====== Data to process ======
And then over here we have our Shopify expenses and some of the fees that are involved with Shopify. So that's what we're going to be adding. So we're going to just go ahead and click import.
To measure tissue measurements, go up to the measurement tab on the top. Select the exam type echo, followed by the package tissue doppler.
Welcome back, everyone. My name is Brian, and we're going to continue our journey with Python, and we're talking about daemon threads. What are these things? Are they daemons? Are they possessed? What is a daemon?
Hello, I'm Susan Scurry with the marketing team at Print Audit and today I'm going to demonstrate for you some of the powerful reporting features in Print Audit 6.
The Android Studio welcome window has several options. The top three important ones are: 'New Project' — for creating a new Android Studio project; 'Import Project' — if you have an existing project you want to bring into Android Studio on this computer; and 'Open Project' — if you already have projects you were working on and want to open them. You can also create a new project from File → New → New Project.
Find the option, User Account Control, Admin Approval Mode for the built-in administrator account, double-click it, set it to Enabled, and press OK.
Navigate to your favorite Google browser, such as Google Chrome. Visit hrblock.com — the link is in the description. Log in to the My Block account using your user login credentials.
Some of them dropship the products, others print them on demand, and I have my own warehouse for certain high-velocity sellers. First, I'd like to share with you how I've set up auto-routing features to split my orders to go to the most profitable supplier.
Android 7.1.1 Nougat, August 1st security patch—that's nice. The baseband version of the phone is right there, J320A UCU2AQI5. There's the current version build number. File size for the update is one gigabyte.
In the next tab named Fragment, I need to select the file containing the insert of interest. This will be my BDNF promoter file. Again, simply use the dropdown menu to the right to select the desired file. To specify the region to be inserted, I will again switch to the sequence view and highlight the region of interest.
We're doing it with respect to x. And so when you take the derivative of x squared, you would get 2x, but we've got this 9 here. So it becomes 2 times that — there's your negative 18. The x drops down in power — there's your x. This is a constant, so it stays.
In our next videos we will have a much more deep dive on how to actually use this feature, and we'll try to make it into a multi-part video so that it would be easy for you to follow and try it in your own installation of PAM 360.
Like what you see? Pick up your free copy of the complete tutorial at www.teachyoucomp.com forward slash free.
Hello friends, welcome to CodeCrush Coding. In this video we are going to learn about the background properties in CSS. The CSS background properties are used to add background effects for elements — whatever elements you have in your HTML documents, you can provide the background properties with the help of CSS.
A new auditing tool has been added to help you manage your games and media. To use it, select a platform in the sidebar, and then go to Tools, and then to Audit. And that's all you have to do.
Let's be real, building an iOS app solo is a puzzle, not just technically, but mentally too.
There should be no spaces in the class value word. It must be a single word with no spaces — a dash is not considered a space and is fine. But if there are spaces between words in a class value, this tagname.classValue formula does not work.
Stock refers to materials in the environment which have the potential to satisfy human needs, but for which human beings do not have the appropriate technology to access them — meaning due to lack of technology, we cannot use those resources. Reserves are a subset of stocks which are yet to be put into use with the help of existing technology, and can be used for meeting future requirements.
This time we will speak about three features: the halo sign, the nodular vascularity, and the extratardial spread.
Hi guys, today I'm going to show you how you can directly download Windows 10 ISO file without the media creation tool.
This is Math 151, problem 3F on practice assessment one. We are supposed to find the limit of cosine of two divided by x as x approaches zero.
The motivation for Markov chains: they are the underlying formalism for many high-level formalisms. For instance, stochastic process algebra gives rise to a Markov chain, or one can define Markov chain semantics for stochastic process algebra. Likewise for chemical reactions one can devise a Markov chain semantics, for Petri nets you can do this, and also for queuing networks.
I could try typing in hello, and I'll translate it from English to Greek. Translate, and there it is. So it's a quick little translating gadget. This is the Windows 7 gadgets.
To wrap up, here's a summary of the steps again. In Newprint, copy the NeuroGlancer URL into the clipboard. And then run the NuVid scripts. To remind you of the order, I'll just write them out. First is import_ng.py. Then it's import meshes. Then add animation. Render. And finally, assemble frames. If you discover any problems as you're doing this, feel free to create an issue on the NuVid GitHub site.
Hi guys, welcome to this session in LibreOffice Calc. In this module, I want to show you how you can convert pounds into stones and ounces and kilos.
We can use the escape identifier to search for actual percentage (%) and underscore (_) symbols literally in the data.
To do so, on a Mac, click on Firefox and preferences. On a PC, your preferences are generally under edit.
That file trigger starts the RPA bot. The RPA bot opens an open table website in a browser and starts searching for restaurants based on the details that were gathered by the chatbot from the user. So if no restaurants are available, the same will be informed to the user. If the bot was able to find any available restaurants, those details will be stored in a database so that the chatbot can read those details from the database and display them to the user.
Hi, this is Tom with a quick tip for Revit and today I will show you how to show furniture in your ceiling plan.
======
Begin with the first line of the listing above and write out each line exactly, ending with the line that contains "Hello, I'm Susan".

And then over here we have our Shopify expenses and some of the fees that are involved with Shopify. So that's what we're going to be adding. So we're going to just go ahead and click import.
To measure tissue measurements, go up to the measurement tab on the top. Select the exam type echo, followed by the package tissue doppler.
Welcome back, everyone. My name is Brian, and we're going to continue our journey with Python, and we're talking about daemon threads. What are these things? Are they daemons? Are they possessed? What is a daemon?
Hello, I'm Susan Scurry with the marketing team at Print Audit and today I'm going to demonstrate for you some of the powerful reporting features in Print Audit 6.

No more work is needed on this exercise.